• _WORK ORDER_:
Repeat the listing exactly, line by line, and leave the pictures behind.

┏━━

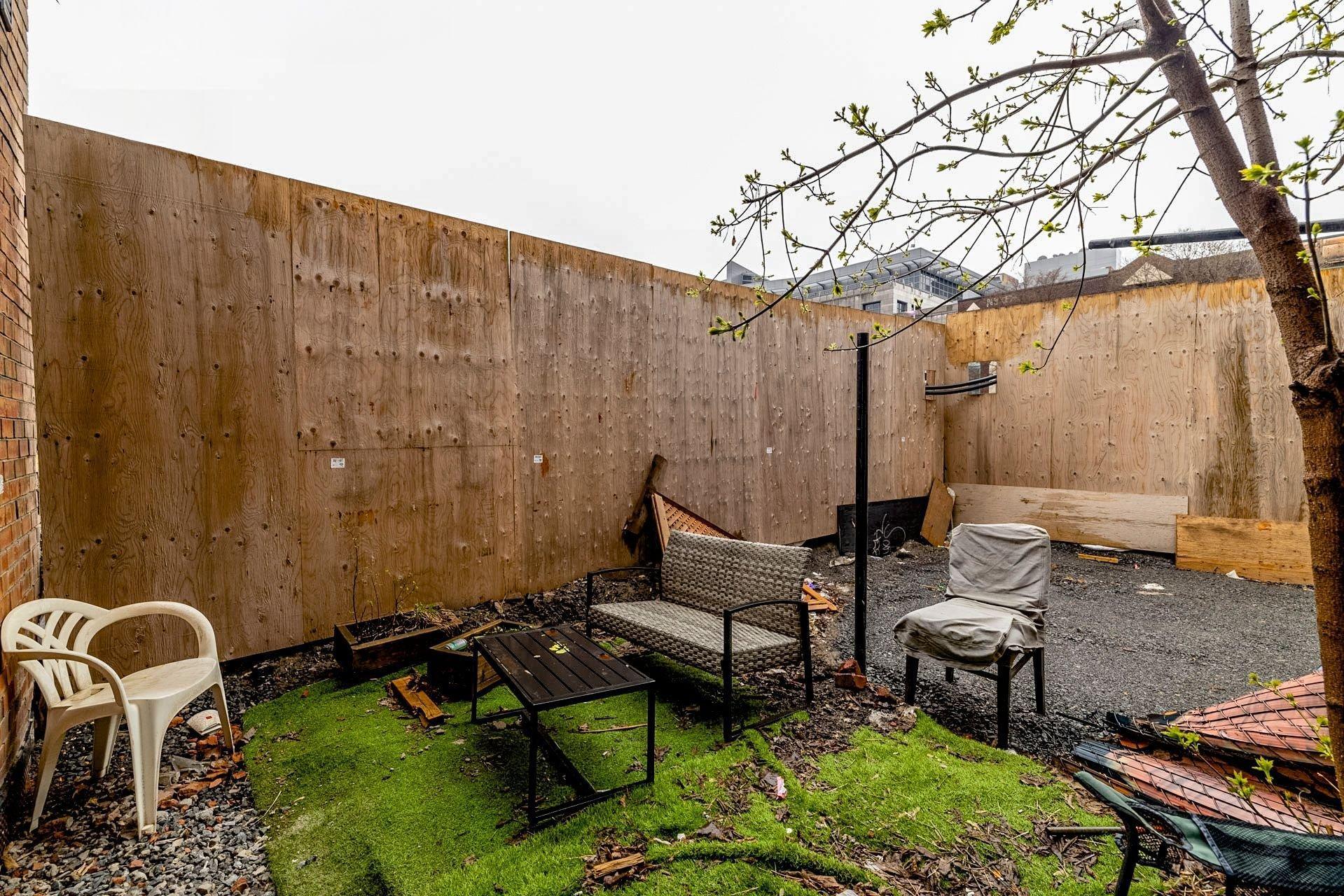 









3552A


Rue St-Dominique

,
Montréal (Le Plateau-Mont-Royal),




QC
H2X2X4


┗━━

• _EXERCISE RESULT_:
3552A


Rue St-Dominique

,
Montréal (Le Plateau-Mont-Royal),




QC
H2X2X4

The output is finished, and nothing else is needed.